DATA EXTRACTS START

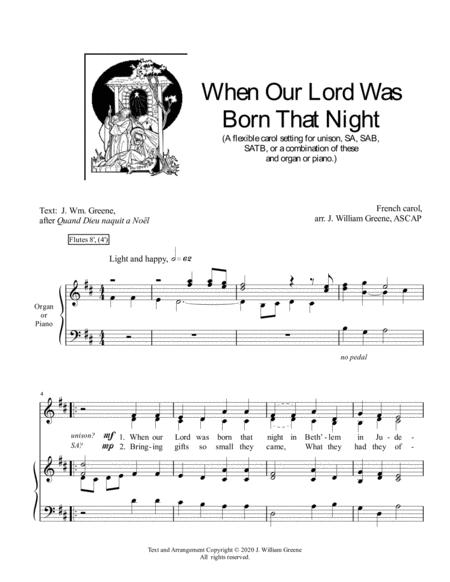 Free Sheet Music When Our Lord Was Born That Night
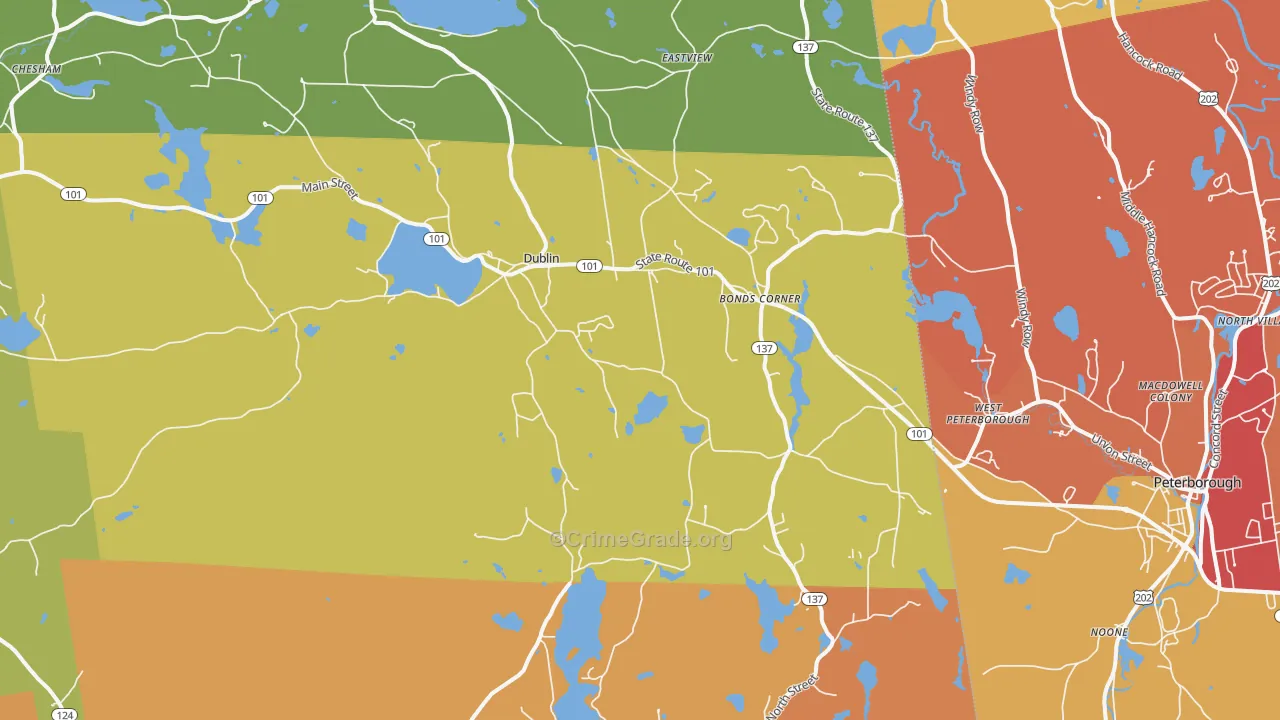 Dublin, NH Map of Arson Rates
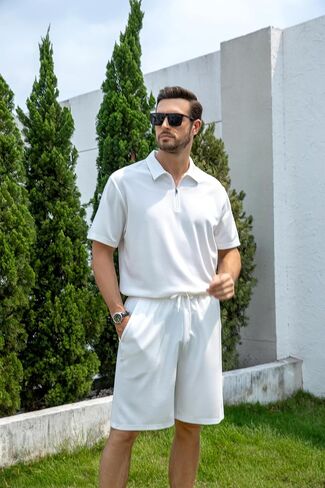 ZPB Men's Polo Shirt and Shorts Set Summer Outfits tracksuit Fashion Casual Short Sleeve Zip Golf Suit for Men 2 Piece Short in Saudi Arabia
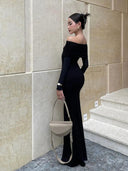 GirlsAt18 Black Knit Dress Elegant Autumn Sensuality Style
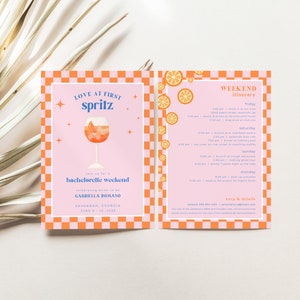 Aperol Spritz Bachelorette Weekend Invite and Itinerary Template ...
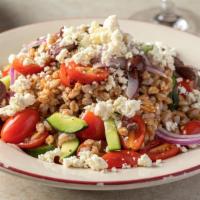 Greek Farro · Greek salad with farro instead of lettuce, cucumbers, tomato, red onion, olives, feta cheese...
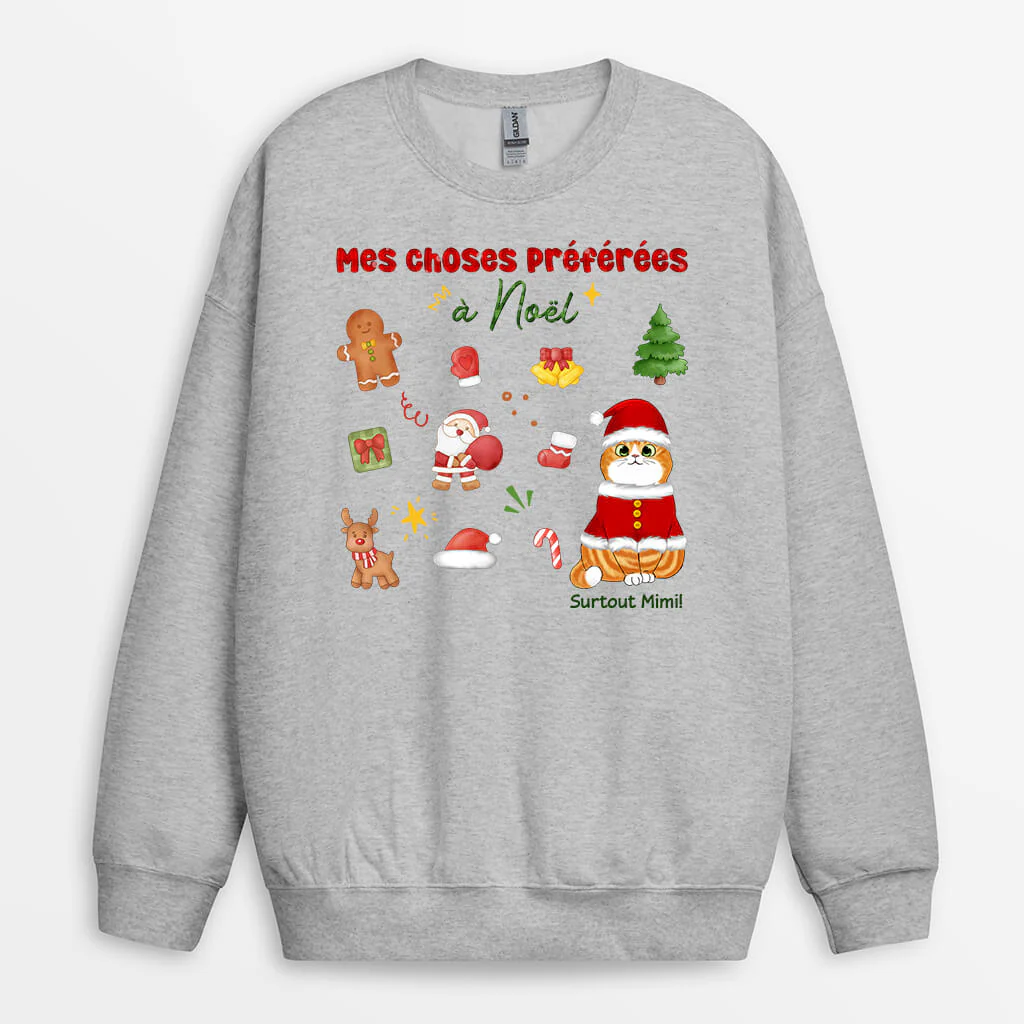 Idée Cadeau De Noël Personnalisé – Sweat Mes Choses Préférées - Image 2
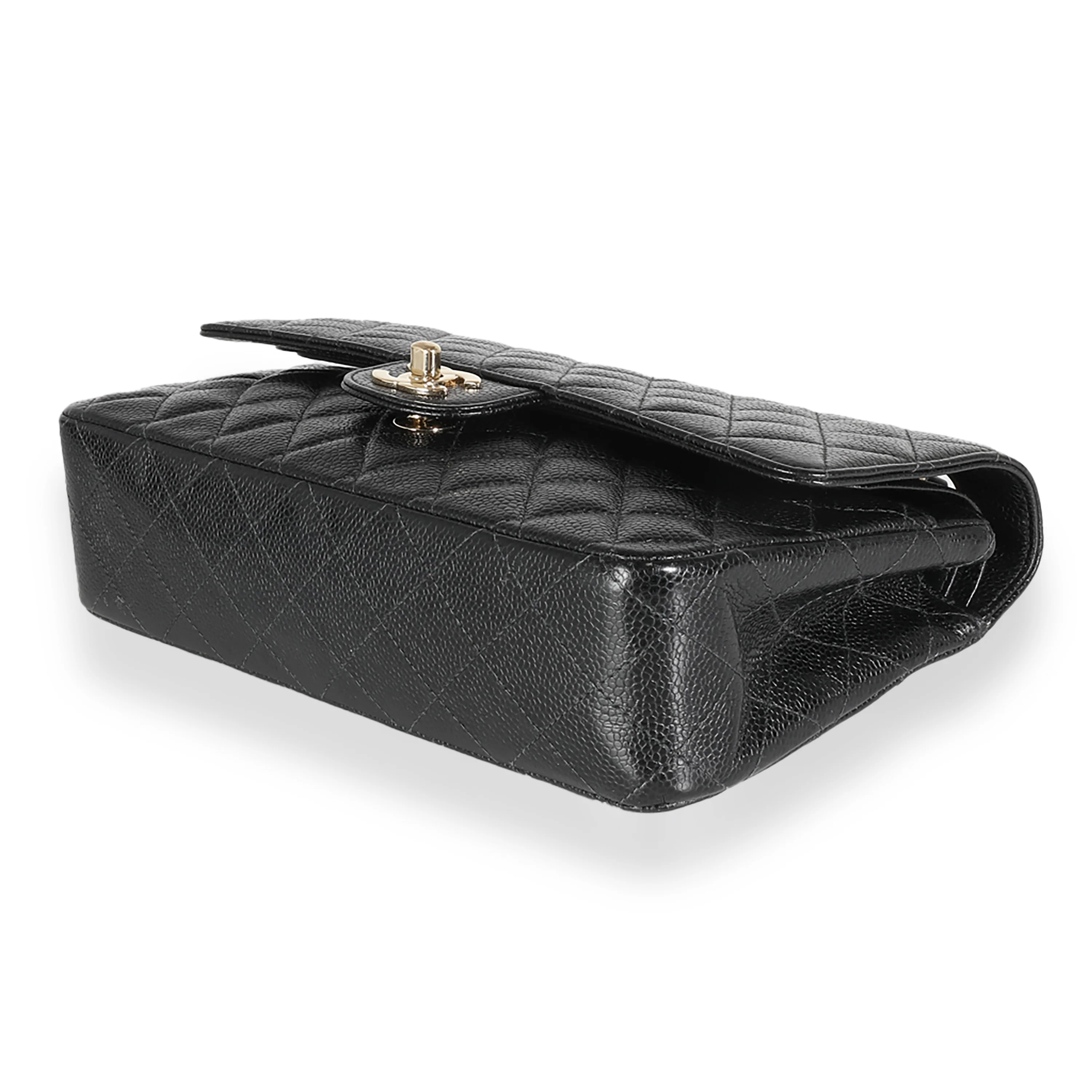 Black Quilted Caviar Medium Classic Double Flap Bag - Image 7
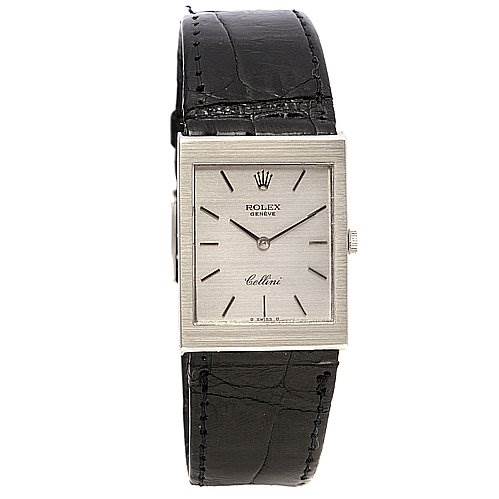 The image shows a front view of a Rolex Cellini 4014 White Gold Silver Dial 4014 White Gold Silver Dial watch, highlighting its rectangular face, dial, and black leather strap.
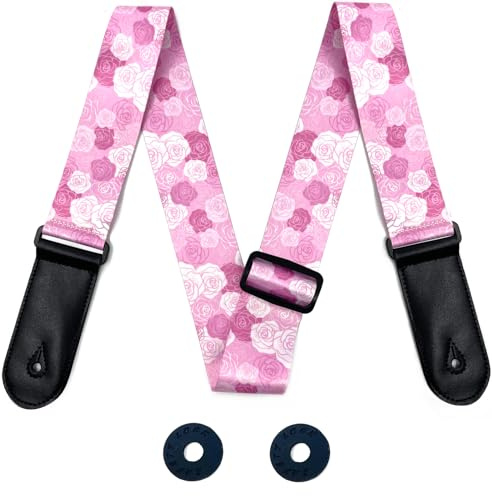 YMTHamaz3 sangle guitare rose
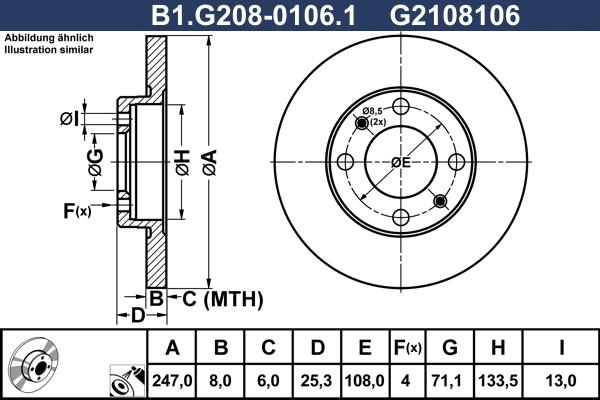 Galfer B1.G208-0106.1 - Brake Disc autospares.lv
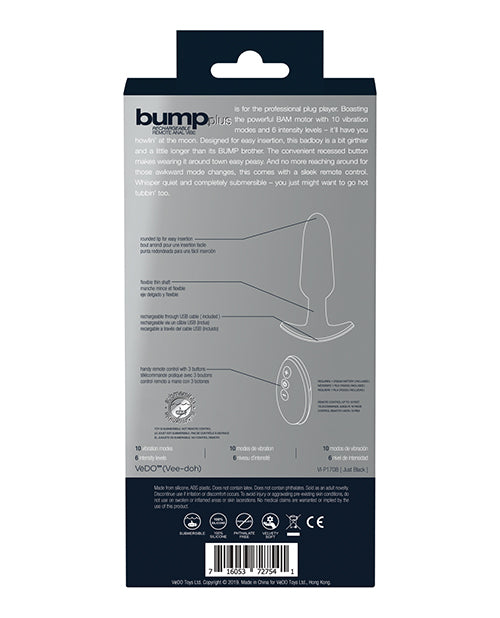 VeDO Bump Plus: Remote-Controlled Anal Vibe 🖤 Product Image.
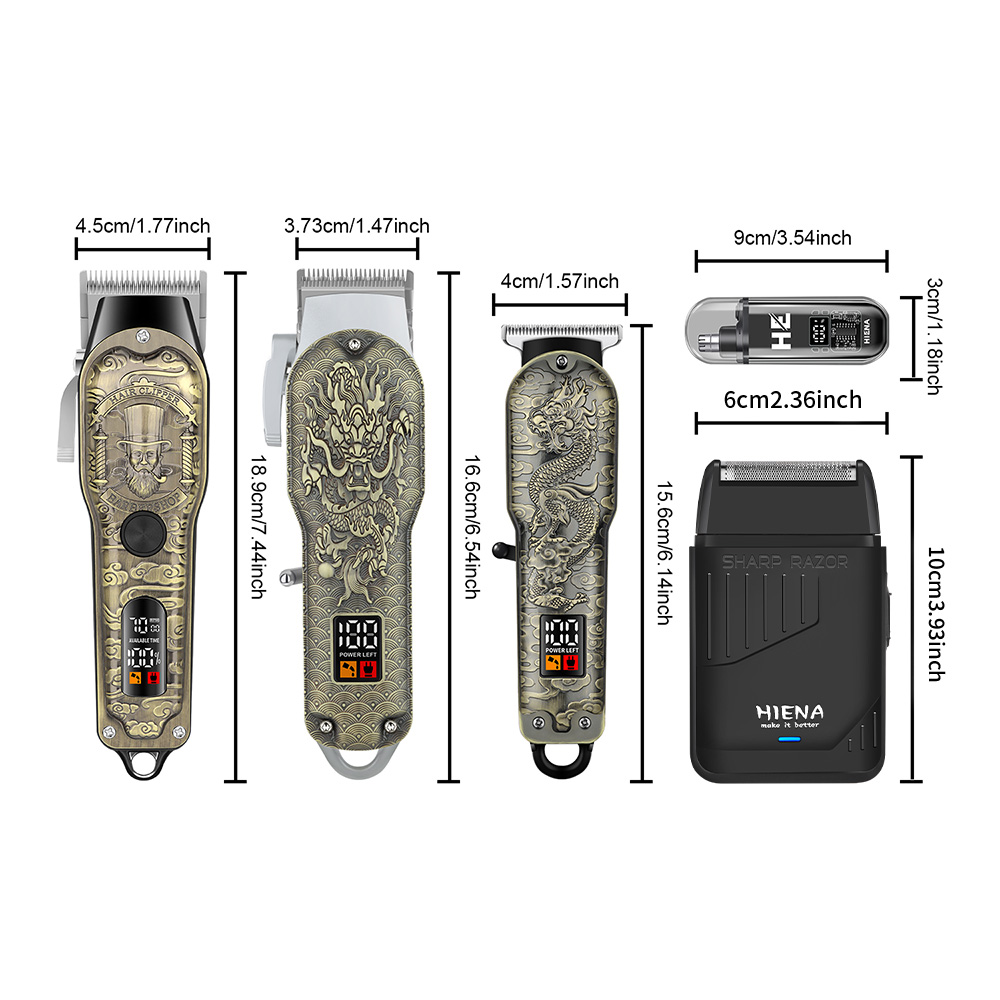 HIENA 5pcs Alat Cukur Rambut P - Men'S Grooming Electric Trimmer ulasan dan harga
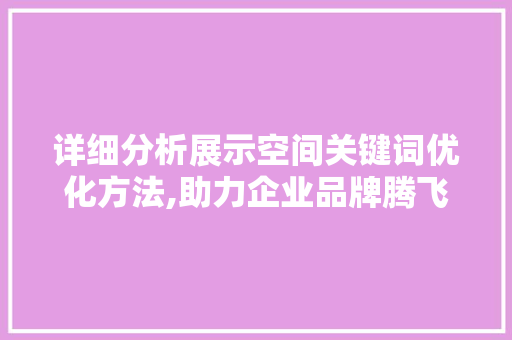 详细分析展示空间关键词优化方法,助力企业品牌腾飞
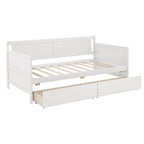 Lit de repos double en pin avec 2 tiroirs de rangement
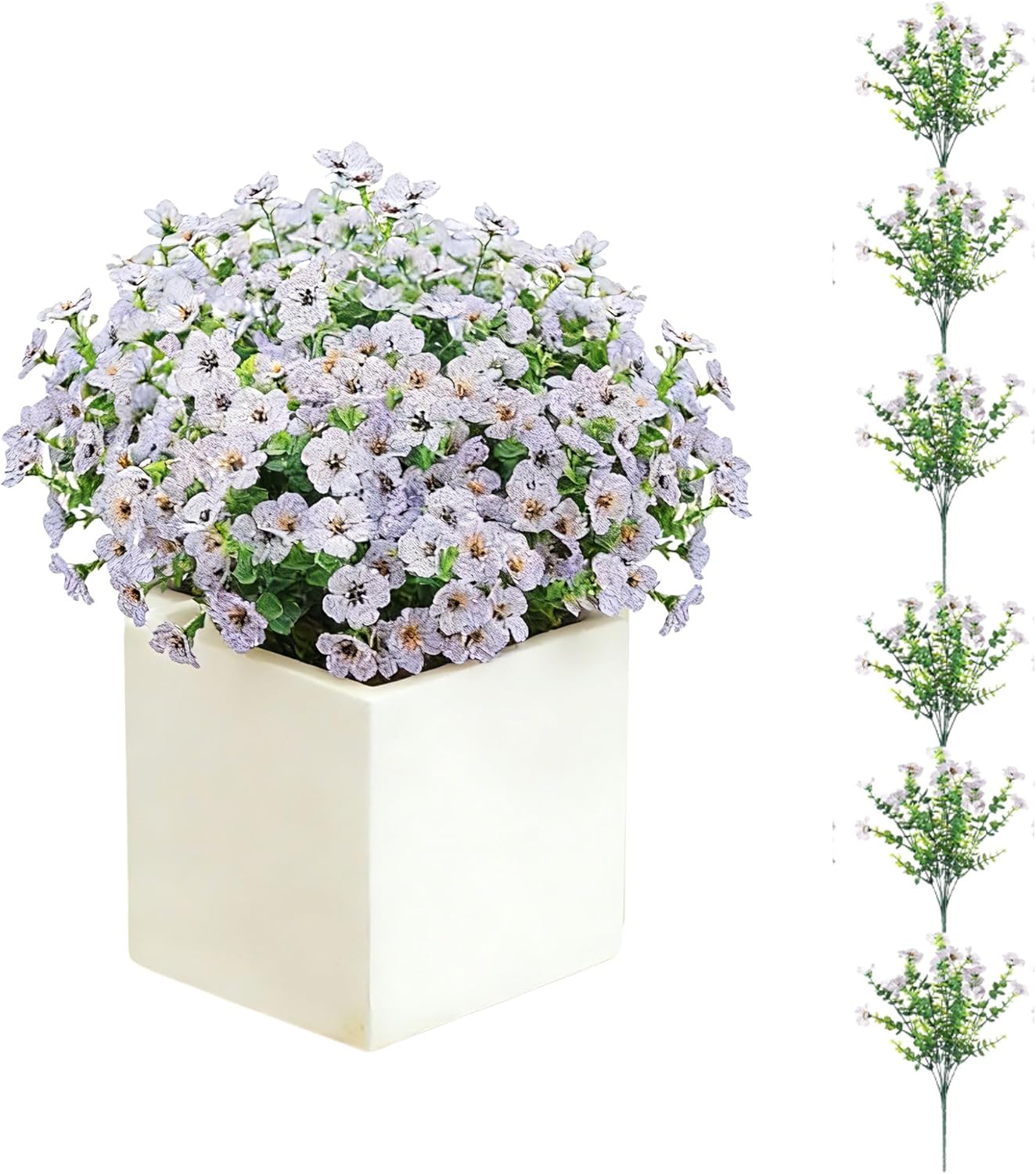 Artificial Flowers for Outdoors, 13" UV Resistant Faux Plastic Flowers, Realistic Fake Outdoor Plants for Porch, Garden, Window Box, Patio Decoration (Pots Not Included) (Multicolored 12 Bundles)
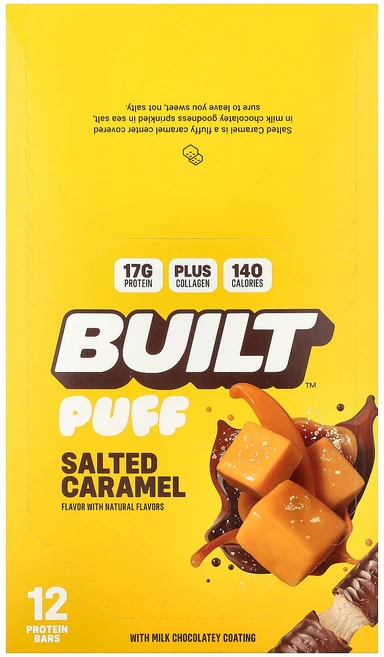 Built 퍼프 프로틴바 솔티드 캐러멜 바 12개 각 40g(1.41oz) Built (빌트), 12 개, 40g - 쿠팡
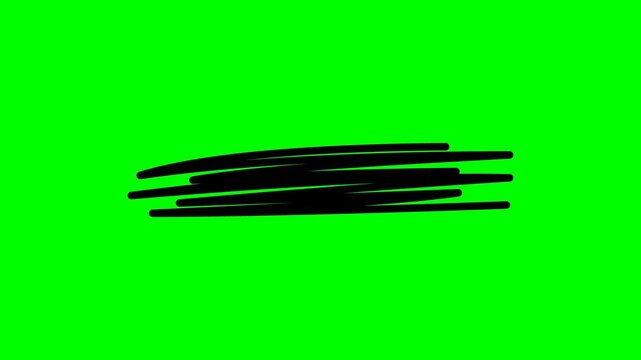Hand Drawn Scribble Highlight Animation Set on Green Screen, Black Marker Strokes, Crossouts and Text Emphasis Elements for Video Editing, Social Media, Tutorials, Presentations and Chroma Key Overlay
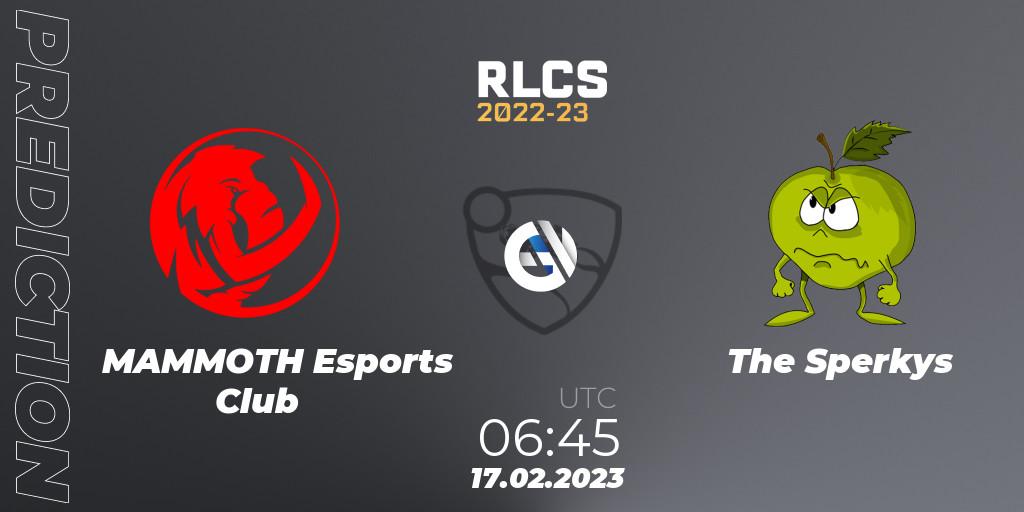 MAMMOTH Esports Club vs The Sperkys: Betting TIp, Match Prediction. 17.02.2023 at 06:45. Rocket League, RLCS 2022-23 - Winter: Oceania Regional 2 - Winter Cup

DATA EXTRACTS END

◆ **TASK OBJECTIVE**: Going by the data above, the answer is exactly the lines from the one holding "Artificial Flowers for" to the one holding "Built 퍼프 프로틴바", both kept, with the pictures left out.

◆ **SOLUTION TO THE EXERCISE**:
 Artificial Flowers for Outdoors, 13" UV Resistant Faux Plastic Flowers, Realistic Fake Outdoor Plants for Porch, Garden, Window Box, Patio Decoration (Pots Not Included) (Multicolored 12 Bundles)
 Built 퍼프 프로틴바 솔티드 캐러멜 바 12개 각 40g(1.41oz) Built (빌트), 12 개, 40g - 쿠팡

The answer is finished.